* _EXERCISE_
What is needed is an exact copy of the line where "The Living Store" appears plus every later line in the material.

* _SOURCE DATA_
[Start of section]
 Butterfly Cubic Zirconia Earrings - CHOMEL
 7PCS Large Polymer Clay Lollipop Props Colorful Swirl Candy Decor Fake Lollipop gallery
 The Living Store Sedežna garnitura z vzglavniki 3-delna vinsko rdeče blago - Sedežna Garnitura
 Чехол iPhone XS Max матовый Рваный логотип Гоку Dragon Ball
[End of section]
* _RESULT_
 The Living Store Sedežna garnitura z vzglavniki 3-delna vinsko rdeče blago - Sedežna Garnitura
 Чехол iPhone XS Max матовый Рваный логотип Гоку Dragon Ball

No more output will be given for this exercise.